* [What is expected]: The full listing, reproduced exactly, is what the response must contain.

* [Provided entries]:
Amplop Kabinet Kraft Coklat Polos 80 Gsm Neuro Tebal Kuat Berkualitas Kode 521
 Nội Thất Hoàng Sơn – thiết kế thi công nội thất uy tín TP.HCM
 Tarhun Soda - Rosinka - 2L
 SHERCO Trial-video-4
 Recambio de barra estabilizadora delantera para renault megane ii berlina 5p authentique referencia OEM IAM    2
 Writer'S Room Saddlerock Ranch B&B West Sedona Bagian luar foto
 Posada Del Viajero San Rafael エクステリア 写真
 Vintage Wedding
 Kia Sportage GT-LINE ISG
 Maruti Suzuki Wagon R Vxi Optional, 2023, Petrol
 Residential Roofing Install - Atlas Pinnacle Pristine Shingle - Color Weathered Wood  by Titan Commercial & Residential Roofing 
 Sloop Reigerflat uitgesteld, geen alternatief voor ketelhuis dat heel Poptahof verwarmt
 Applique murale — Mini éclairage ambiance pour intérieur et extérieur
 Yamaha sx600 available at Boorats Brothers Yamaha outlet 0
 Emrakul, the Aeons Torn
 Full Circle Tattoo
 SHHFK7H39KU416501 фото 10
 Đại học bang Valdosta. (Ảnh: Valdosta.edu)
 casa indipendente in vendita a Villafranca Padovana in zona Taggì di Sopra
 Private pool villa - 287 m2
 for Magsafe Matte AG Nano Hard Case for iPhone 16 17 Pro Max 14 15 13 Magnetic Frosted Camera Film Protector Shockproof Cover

* [Finished task]:
Amplop Kabinet Kraft Coklat Polos 80 Gsm Neuro Tebal Kuat Berkualitas Kode 521
 Nội Thất Hoàng Sơn – thiết kế thi công nội thất uy tín TP.HCM
 Tarhun Soda - Rosinka - 2L
 SHERCO Trial-video-4
 Recambio de barra estabilizadora delantera para renault megane ii berlina 5p authentique referencia OEM IAM    2
 Writer'S Room Saddlerock Ranch B&B West Sedona Bagian luar foto
 Posada Del Viajero San Rafael エクステリア 写真
 Vintage Wedding
 Kia Sportage GT-LINE ISG
 Maruti Suzuki Wagon R Vxi Optional, 2023, Petrol
 Residential Roofing Install - Atlas Pinnacle Pristine Shingle - Color Weathered Wood  by Titan Commercial & Residential Roofing 
 Sloop Reigerflat uitgesteld, geen alternatief voor ketelhuis dat heel Poptahof verwarmt
 Applique murale — Mini éclairage ambiance pour intérieur et extérieur
 Yamaha sx600 available at Boorats Brothers Yamaha outlet 0
 Emrakul, the Aeons Torn
 Full Circle Tattoo
 SHHFK7H39KU416501 фото 10
 Đại học bang Valdosta. (Ảnh: Valdosta.edu)
 casa indipendente in vendita a Villafranca Padovana in zona Taggì di Sopra
 Private pool villa - 287 m2
 for Magsafe Matte AG Nano Hard Case for iPhone 16 17 Pro Max 14 15 13 Magnetic Frosted Camera Film Protector Shockproof Cover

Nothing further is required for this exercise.